UNIVERSIDAD DE GRANADA

– El profesor del departamento de Obstetricia y Ginecología de la Universidad de Granada Nicolás Mendoza Ladrón de Guevara reflexiona acerca del creciente interés en la preservación de la fertilidad para las mujeres jóvenes que, por razones de índole médica social, no pueden quedarse embarazadas en el momento actual, o tienen un elevado riesgo de padecer un deterioro de su capacidad fértil

En esta entrega de #aCienciaCerca, el profesor del departamento de Obstetricia y Ginecología de la Universidad de Granada Nicolás Mendoza Ladrón de Guevara reflexiona acerca del creciente interés en la preservación de la fertilidad para las mujeres jóvenes que, por razones de índole médica social, no pueden quedarse embarazadas en el momento actual, o tienen un elevado riesgo de padecer un deterioro de su capacidad fértil.

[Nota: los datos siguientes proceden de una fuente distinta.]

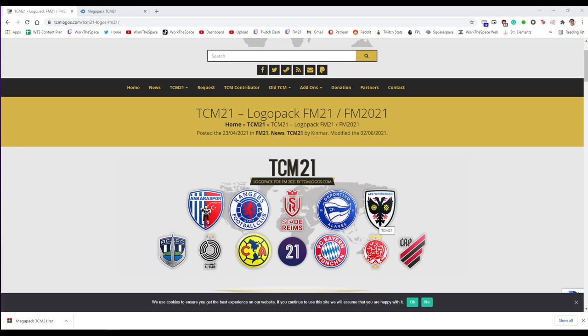So yes, TCM21 is the one I'm going to be showing today. It hasn't had an FM22 update just yet. When that happens there will be a new link down below but for now I'm going to link this one. Of course you can choose to download any logo pack you want. There are a few different options out there. This is the one that I happen to use. I also think it's the best.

Cuando hablamos de ‘preservación de la fertilidad en la mujer’ nos referimos a la salvaguarda de los ovocitos, los gametos femeninos. Se trata de una técnica de reproducción humana que nace cuando se observa que determinadas enfermedades graves (o sus tratamientos) ponen en peligro la capacidad fértil de las mujeres (cáncer, endometriosis).

Pero también se han desarrollado en países occidentales, como el nuestro, donde la maternidad no se promociona a edades jóvenes ni se ha respetado la conciliación familiar que permite a una mujer tener hijos cuando su biología lo admite. Es la indicación de la preservación de la fertilidad por razones sociales: conservar los ovocitos biológicamente jóvenes para usarlos cuando las condiciones sociales (de emancipación, de estabilidad laboral) lo permitan.

En la actualidad contamos con distintas estrategias que posibilitan la preservación de la fertilidad, si bien las que mejores y más seguros resultados ofrecen es la vitrificación (criopreservación) de los ovocitos. Esta técnica requiere una evaluación y tratamiento individualizado a cada mujer y situación médica o social.